- **The problem**: Could you set down exactly the lines in the records below between the line holding "Wide-plank engineered hardwood" and the line holding "A Glass Of White", inclusive?

- **Material provided**:
----------------------------------------
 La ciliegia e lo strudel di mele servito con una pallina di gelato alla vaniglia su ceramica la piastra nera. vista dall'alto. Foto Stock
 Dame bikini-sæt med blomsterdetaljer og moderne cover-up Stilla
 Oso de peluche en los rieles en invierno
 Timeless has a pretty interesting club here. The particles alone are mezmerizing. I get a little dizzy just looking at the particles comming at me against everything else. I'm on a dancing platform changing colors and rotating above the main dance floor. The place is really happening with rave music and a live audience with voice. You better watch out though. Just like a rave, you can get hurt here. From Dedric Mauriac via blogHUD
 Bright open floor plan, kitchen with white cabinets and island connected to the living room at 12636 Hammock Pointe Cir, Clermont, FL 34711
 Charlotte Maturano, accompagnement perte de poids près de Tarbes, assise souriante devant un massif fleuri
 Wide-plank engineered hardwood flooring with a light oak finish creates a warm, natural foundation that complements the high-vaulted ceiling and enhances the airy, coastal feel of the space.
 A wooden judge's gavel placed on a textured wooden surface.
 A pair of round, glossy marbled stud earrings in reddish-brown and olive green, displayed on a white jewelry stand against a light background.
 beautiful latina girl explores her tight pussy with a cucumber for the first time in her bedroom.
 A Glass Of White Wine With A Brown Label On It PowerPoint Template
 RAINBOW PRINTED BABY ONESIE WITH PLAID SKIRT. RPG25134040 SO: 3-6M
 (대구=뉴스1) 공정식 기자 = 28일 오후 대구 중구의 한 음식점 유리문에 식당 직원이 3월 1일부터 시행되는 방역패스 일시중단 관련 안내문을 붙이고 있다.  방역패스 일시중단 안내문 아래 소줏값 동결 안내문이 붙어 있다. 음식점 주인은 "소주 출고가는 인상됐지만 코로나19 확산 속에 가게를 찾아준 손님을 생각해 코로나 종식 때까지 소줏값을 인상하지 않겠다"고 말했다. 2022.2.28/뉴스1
----------------------------------------
- **Response to this exercise**:
 Wide-plank engineered hardwood flooring with a light oak finish creates a warm, natural foundation that complements the high-vaulted ceiling and enhances the airy, coastal feel of the space.
 A wooden judge's gavel placed on a textured wooden surface.
 A pair of round, glossy marbled stud earrings in reddish-brown and olive green, displayed on a white jewelry stand against a light background.
 beautiful latina girl explores her tight pussy with a cucumber for the first time in her bedroom.
 A Glass Of White Wine With A Brown Label On It PowerPoint Template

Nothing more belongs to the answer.